- [What is required]
Quote the records exactly, starting at the first line and stopping after the line with "Obraz premium Summer"; skip the pictures.

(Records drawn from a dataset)
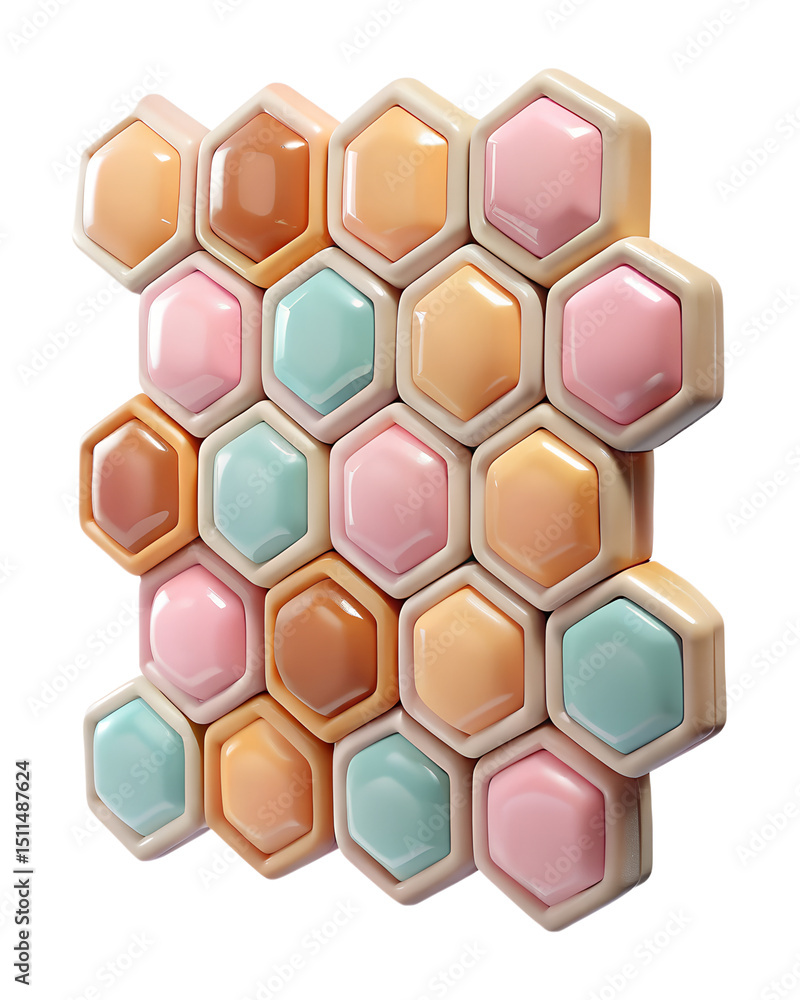 Poster beautifully arranged 3d plastic-style icon showcasing a vibrant and colorful hexagonal tile pattern 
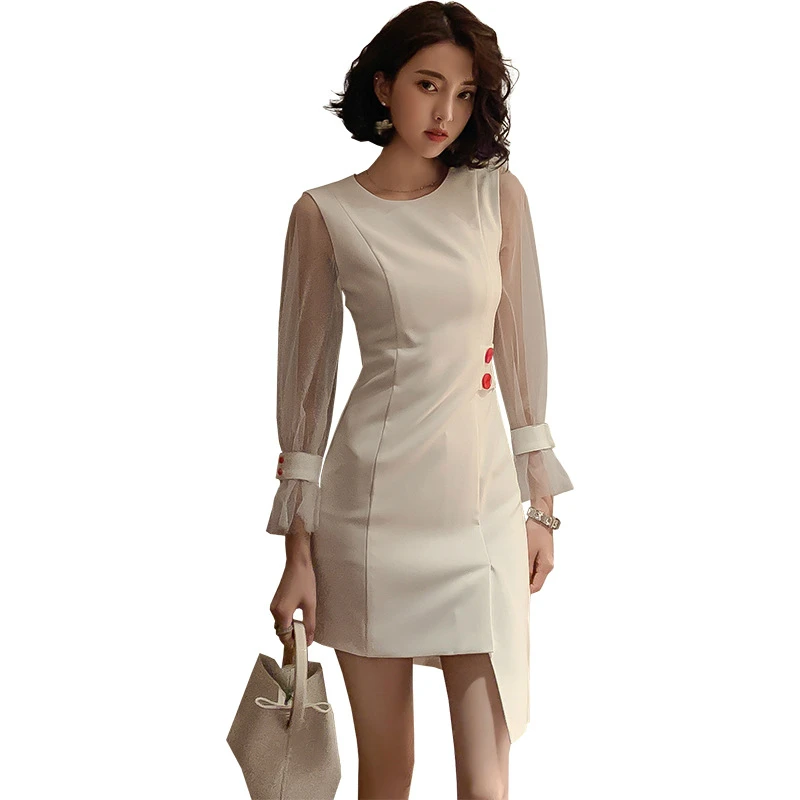 Brand Designer Mesh Patchwork Long Sleeve Dress Women O-neck Mini Bodycon Wrap Dress Ladies Sheer Dress for Wedding Party Robe
Brand Designer Mesh Patchwork Long Sleeve Dress Women O-neck Mini Bodycon Wrap Dress Ladies Sheer Dress for Wedding Party Robe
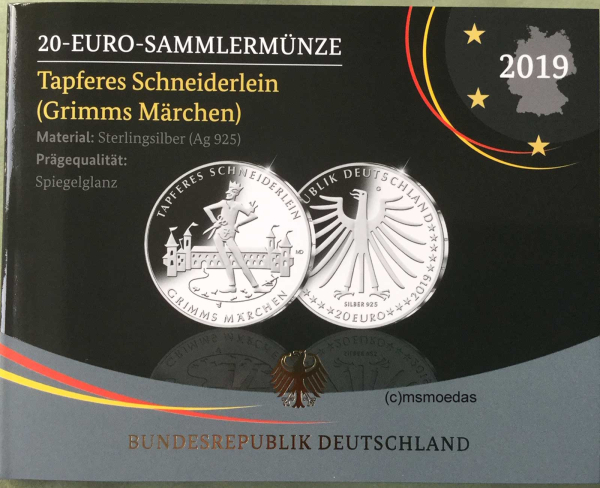 Deutschland 20 Euro Sondermünze 2019 Grimms Märchen Tapferes Schneiderlein PP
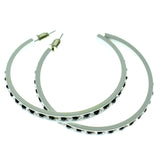 White & Black Colored Metal Crystal-Hoop-Earrings With Crystal Accents #514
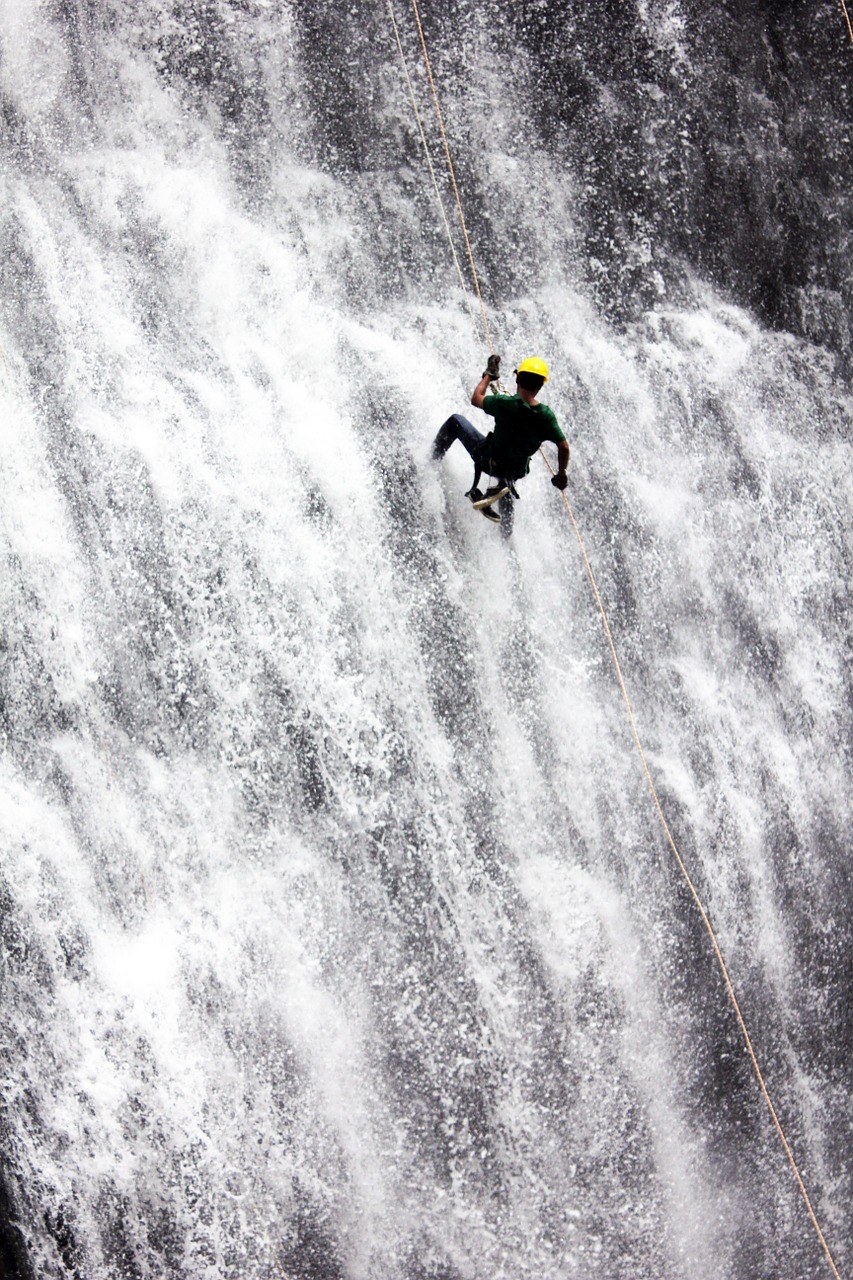 攀登、、下降、大瀑布、冒险免费图片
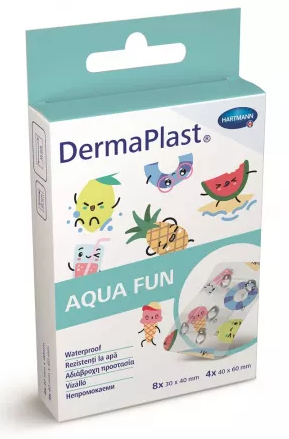 Dermaplast Aqua Fun plasturi rezistenti la apa, 12 buc, [],farmacom.ro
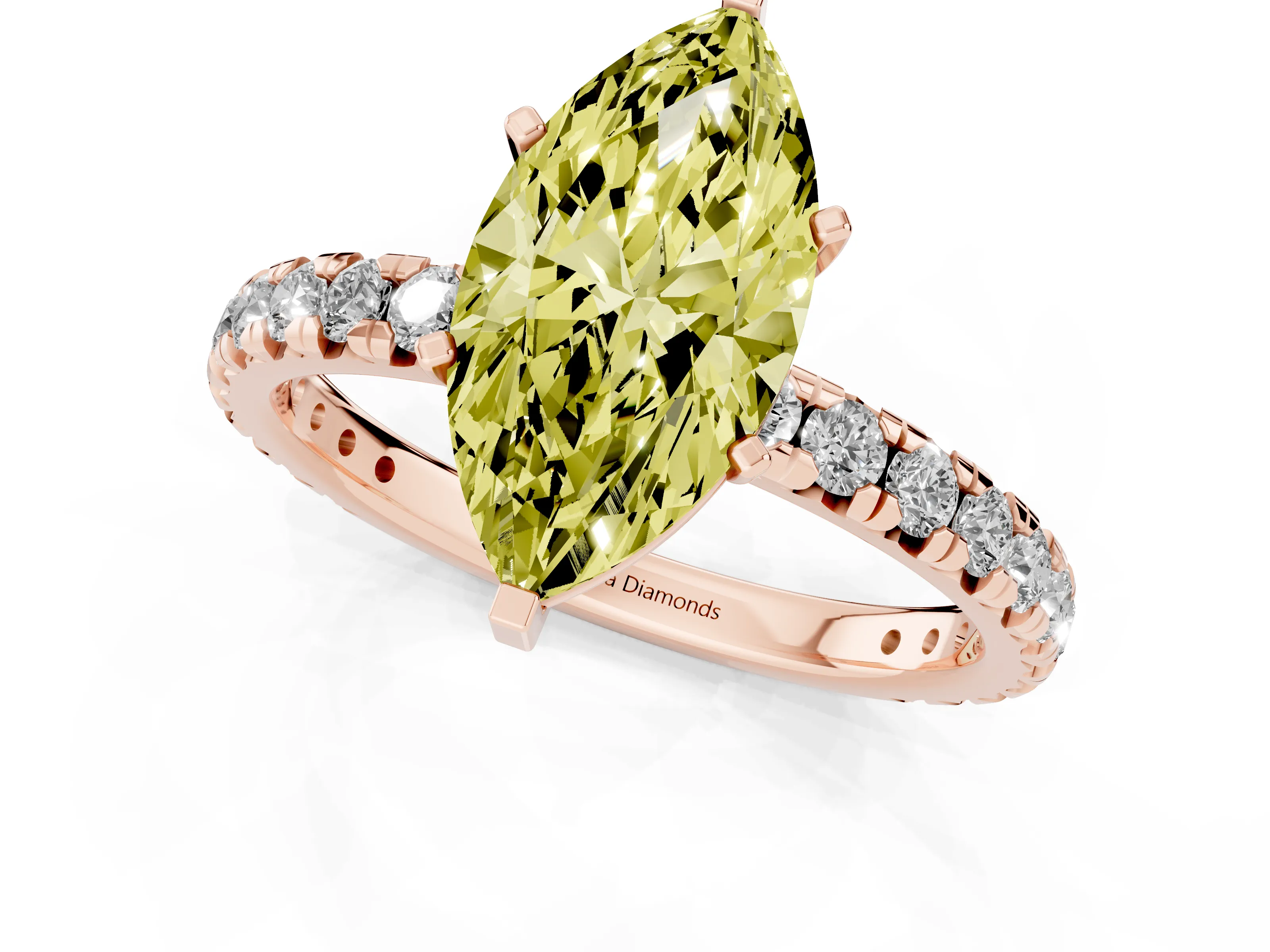 Fancy Yellow Marquise Cut Diamond Pavé Solitaire Ring Set in Rose gold with Round Band and Prong Setting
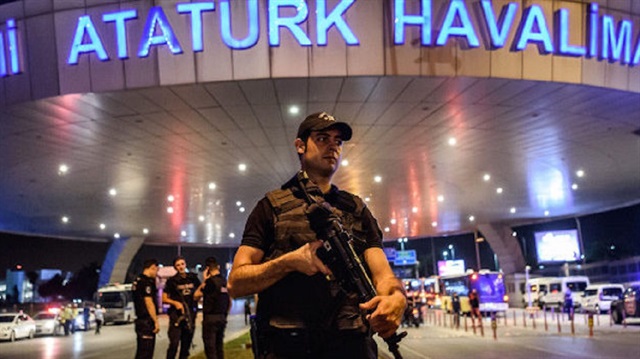 Turkish police at the scene of the attack in Istanbul International Airport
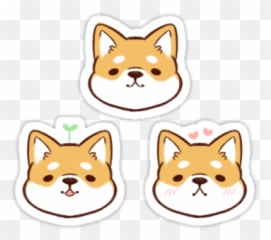 Shiba Inus Original Set Stickers By Cveline Redbubble - Kawaii Shiba Inu Stickers Png,Shiba Inu Png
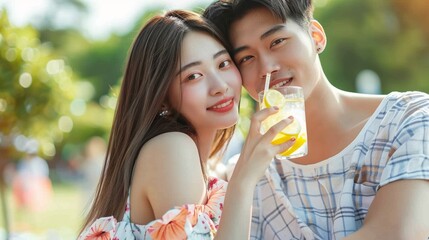 Obraz premium Summer delight: young couple with lemonade against a beach backdrop
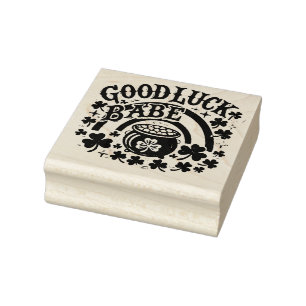 Good Luck Babe St. Patrick's Day Irish Rainbow  Rubber Stamp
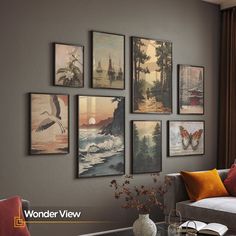 a living room filled with furniture and pictures on the wall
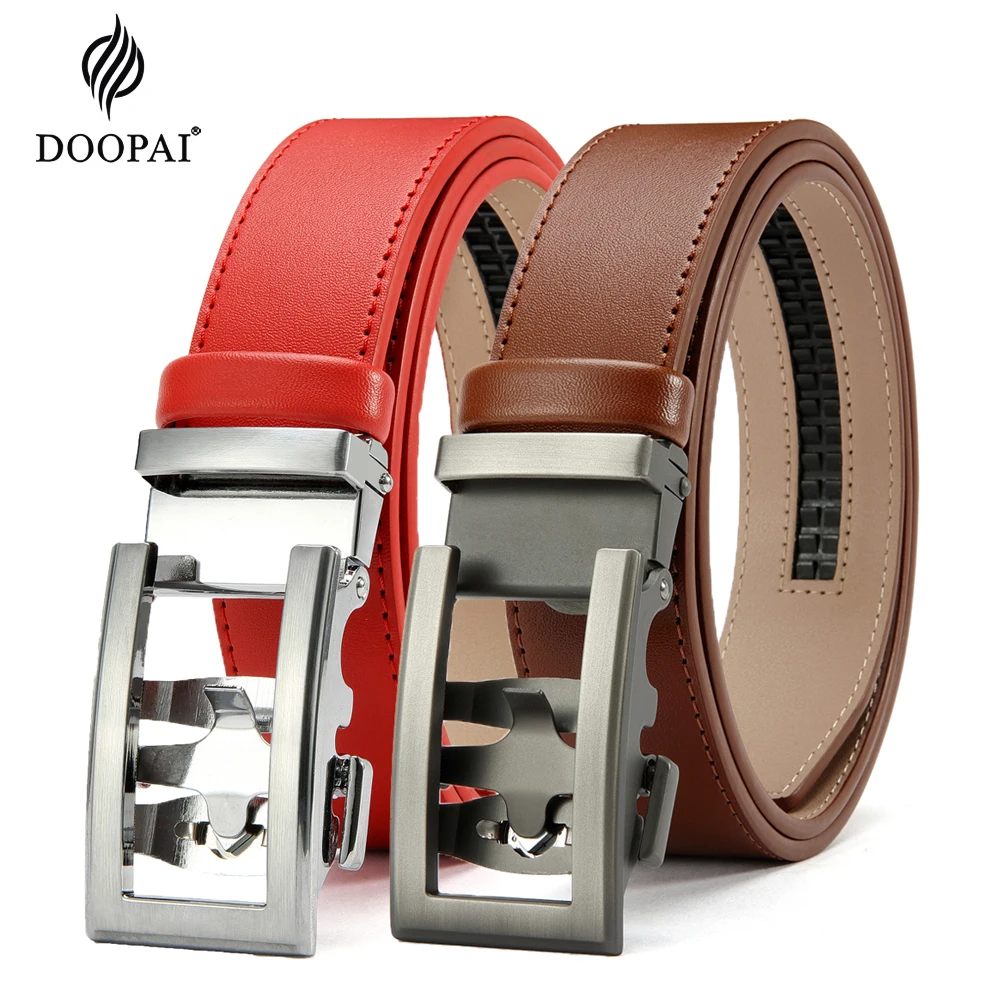 Alternative view of DOOPAI New Mens Belt Hollow Automatic Mens Belt Genuine Leather Luxury Belt  For Men Belt Male Strap Male Metal Automatic Buckle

- [Output below]
 Poster beautifully arranged 3d plastic-style icon showcasing a vibrant and colorful hexagonal tile pattern 
 Brand Designer Mesh Patchwork Long Sleeve Dress Women O-neck Mini Bodycon Wrap Dress Ladies Sheer Dress for Wedding Party Robe
Brand Designer Mesh Patchwork Long Sleeve Dress Women O-neck Mini Bodycon Wrap Dress Ladies Sheer Dress for Wedding Party Robe
 Deutschland 20 Euro Sondermünze 2019 Grimms Märchen Tapferes Schneiderlein PP
 White & Black Colored Metal Crystal-Hoop-Earrings With Crystal Accents #514
 攀登、、下降、大瀑布、冒险免费图片
 Dermaplast Aqua Fun plasturi rezistenti la apa, 12 buc, [],farmacom.ro
 Fancy Yellow Marquise Cut Diamond Pavé Solitaire Ring Set in Rose gold with Round Band and Prong Setting
 Turkish police at the scene of the attack in Istanbul International Airport
 Shiba Inus Original Set Stickers By Cveline Redbubble - Kawaii Shiba Inu Stickers Png,Shiba Inu Png
 Obraz premium Summer delight: young couple with lemonade against a beach backdrop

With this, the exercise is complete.